GIVEN MATERIAL
'''

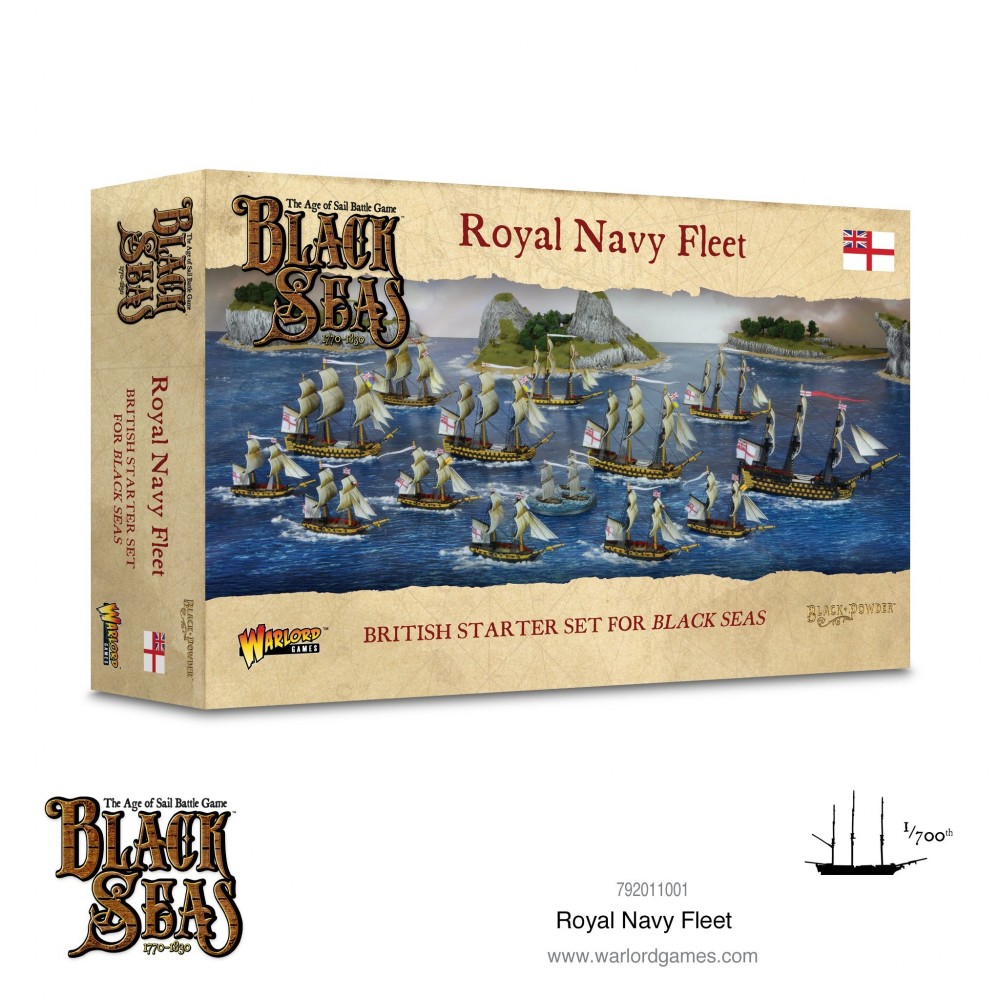 Royal Navy Fleet (1770-1830)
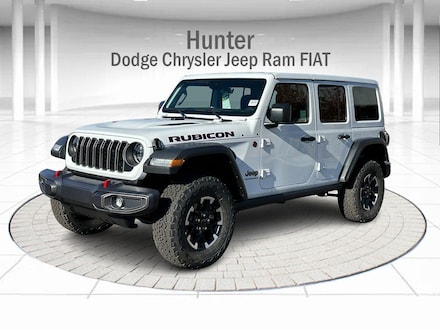 2025 Jeep Wrangler 4-DOOR RUBICON Sport Utility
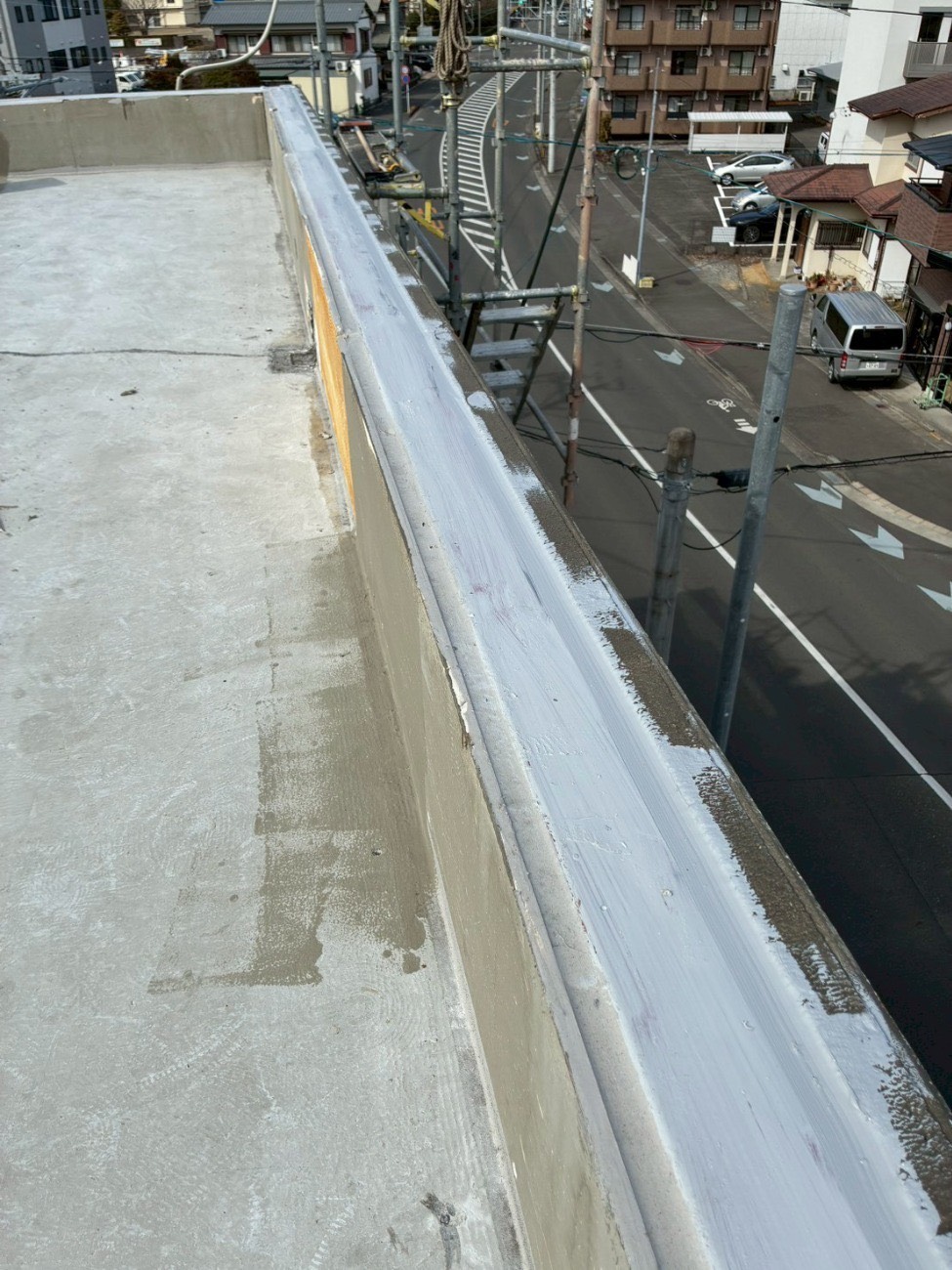 屋上の防水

'''

THE PROBLEM
Copy out all the data exactly; skip the pictures.

TASK OUTPUT
 Royal Navy Fleet (1770-1830)
 2025 Jeep Wrangler 4-DOOR RUBICON Sport Utility
 屋上の防水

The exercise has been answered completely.